The view here taken is neither memorial and Zwinglian nor is it High Catholic. It is sacramental but not sacramentarian, effective but not sacrificial. The Sacraments are not emblems but symbols, and symbols not as mere channels, but in the active sense that something is done as well as conveyed. Account is taken of the early influence of the pagan mysteries. The audience is Free Church, but the treatment means to be Great Church.
It may be expressly noted in advance that the Word does not mean the Bible, but the whole medium of communication between God's soul and man's. As this was gathered to a head in Christ, Christ is the unique Word of God.
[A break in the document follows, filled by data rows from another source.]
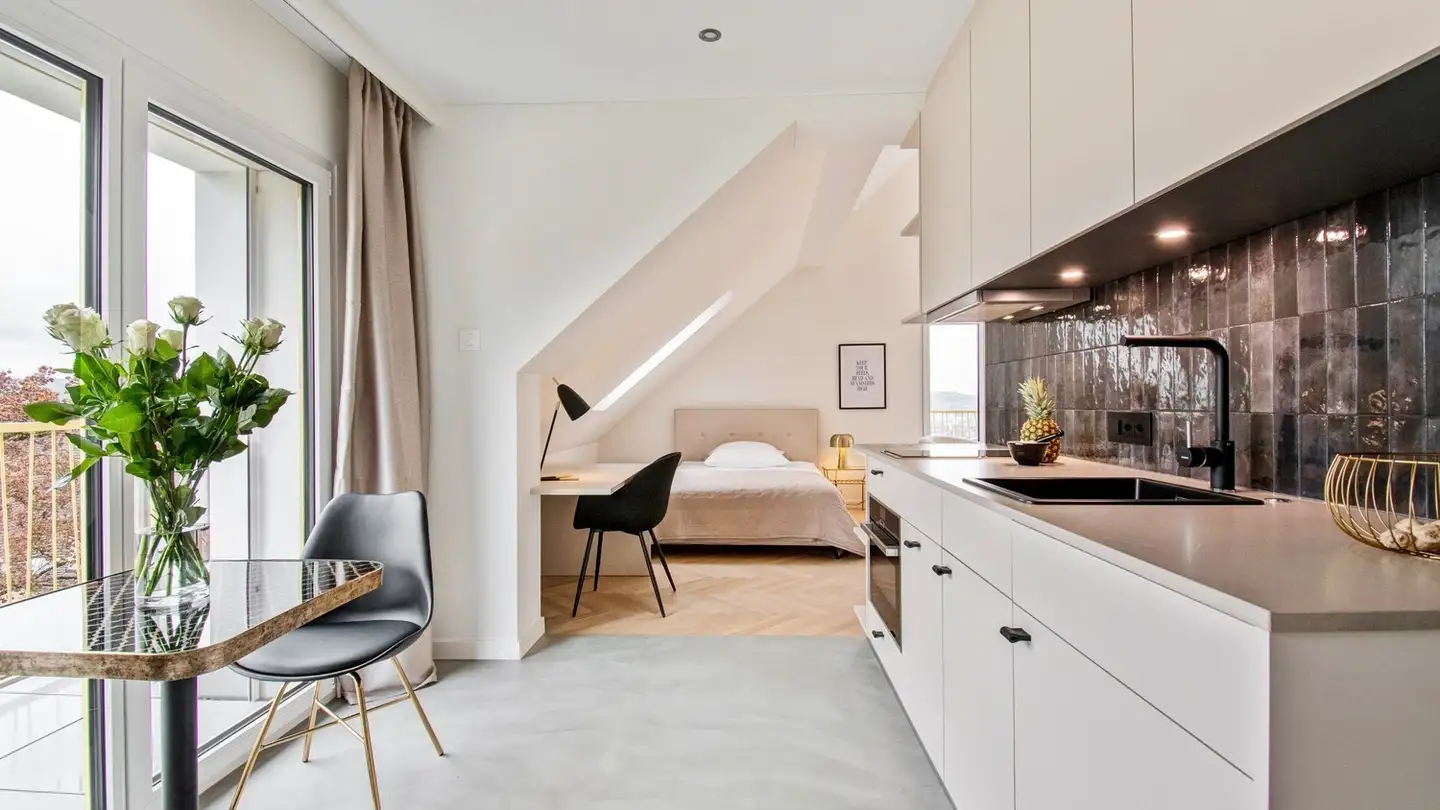 Appartement meublé à louer - Restelbergstrasse 28, 8044 Zürich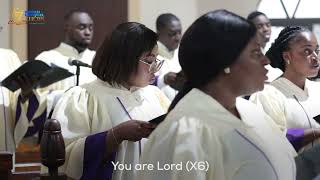 WE EXALT YOUR HOLY NAME BY ALBERT ADUSEI DUA [upl. by Airbma]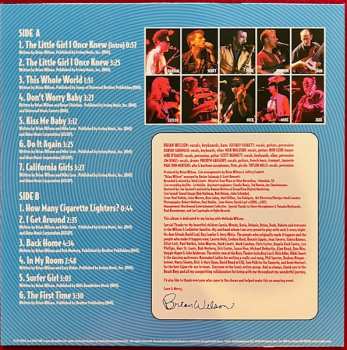 3LP/Box Set Brian Wilson: Live At The Roxy! Theatre CLR | DLX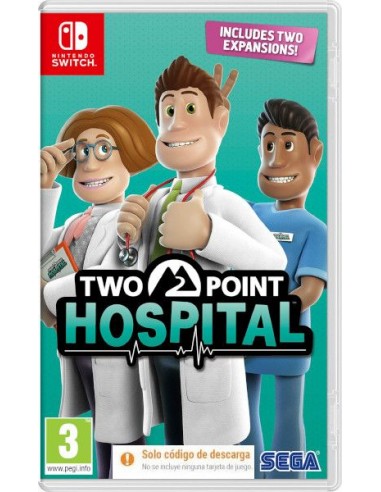 Two Point Hospital (Incluye dos...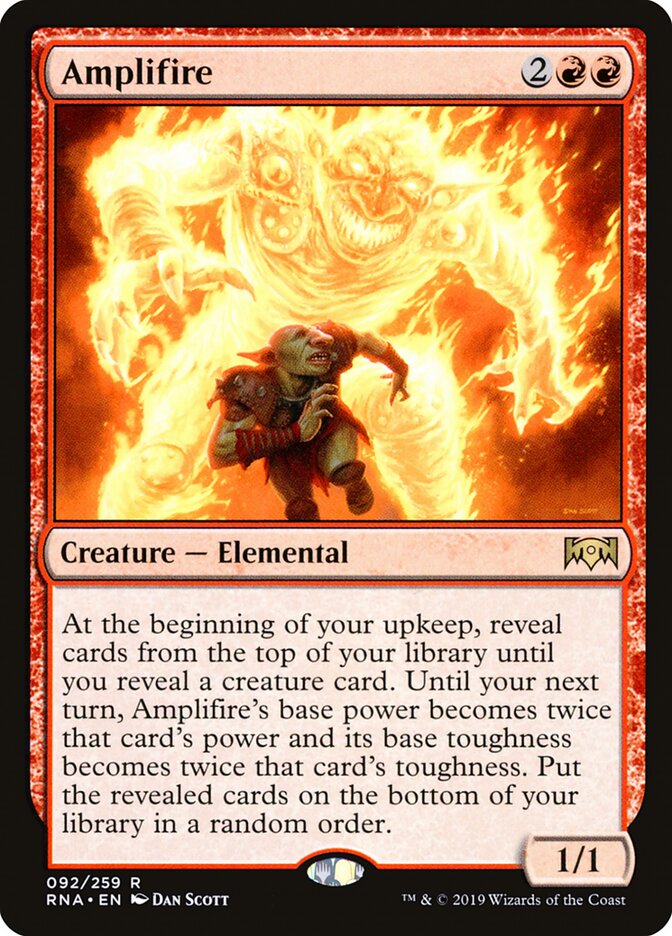 Amplifire — Ravnica Allegiance 92/273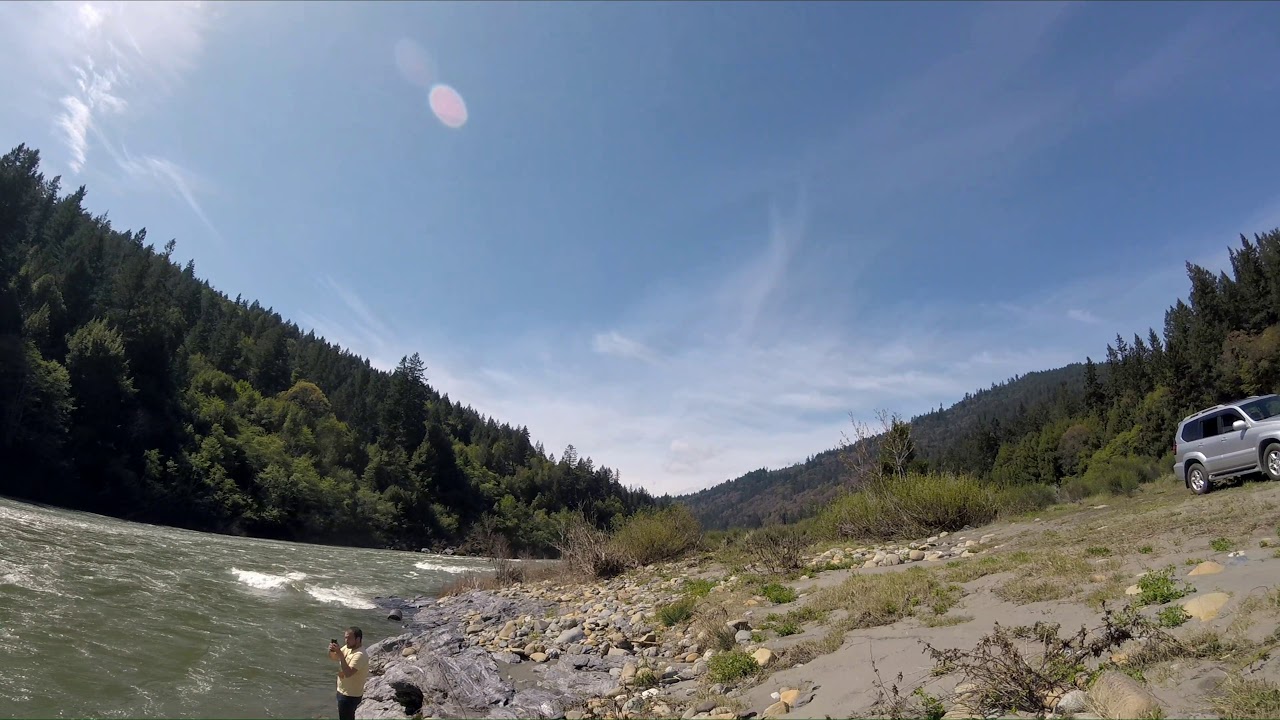 Exploring Humboldt co California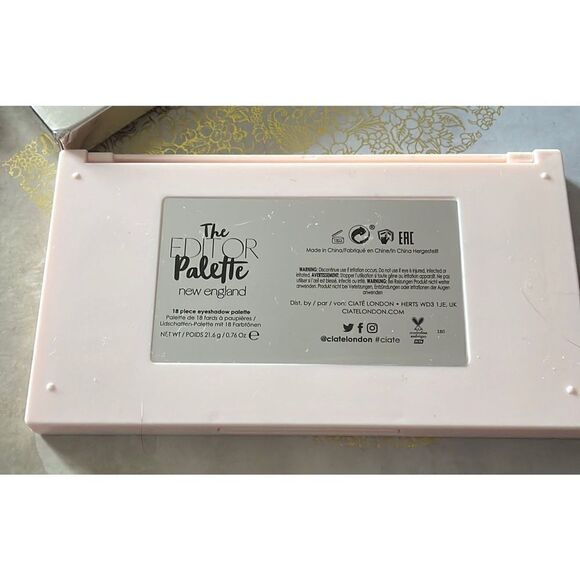 CIATE LONDON New England Vegan Autumn Eyeshadow Palette - Picture 7 of 7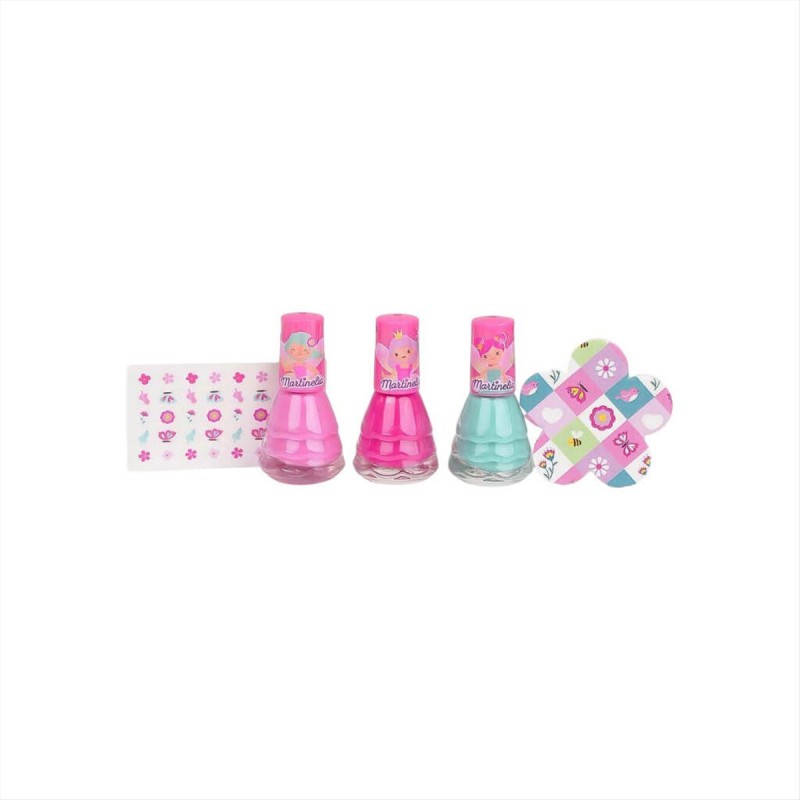 Fairy things sparkling beauty nails set Martinelia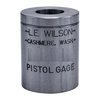 WILSON PISTOL MAX CASE GAGES hjelper deg med å unngå feil ved omforming av patronhylser ved å måle kritiske dimensjoner nøyaktig og raskt.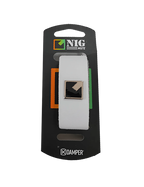 NIG® ND Small Blanco Mute Damper Fretwrap Cuerdas Material Eco Cuero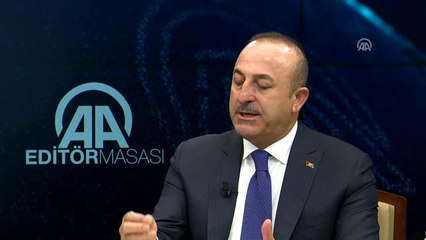 Çavuşoğlu: "İran ve Rusya (Suriye'deki Garantörlük) Sorumluluğunu Yerine Getirmeli"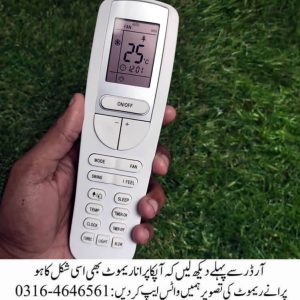 Gree Inverter Air Conditioner Remote for Inverter Heat & Cool - GS-18CITH11B 2021 Model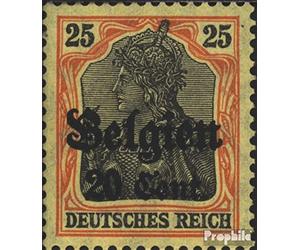 Prophila Collection Allemand. Poste Pays dans Belgique 17Za 2, Plus Loin Distance Entre 20 et Cent (Champ 94) Neuf avec Gomme Originale ** MNH 1916 Allemagne (Timbres pour Les collectionneurs)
And since Christ is gathered to a head in the atoning and redeeming Cross as the incarnation not of love only but of grace, the Word is there in the most pointed way. It is the Word as an act and not simply as an exposition of God, Who acts not as a genial Father but as a redeeming Father. But as this crucified Christ comes home to a man it makes him active, and it makes him vocal. So he preaches God's gospel Christ. The Word that was preached from God to him he preaches to the world. The Word works faith, and faith works the word. We repeat with interest what God says to us. The Word is, therefore, God's new creating act on us, and then it is the act of our word through which God new creates.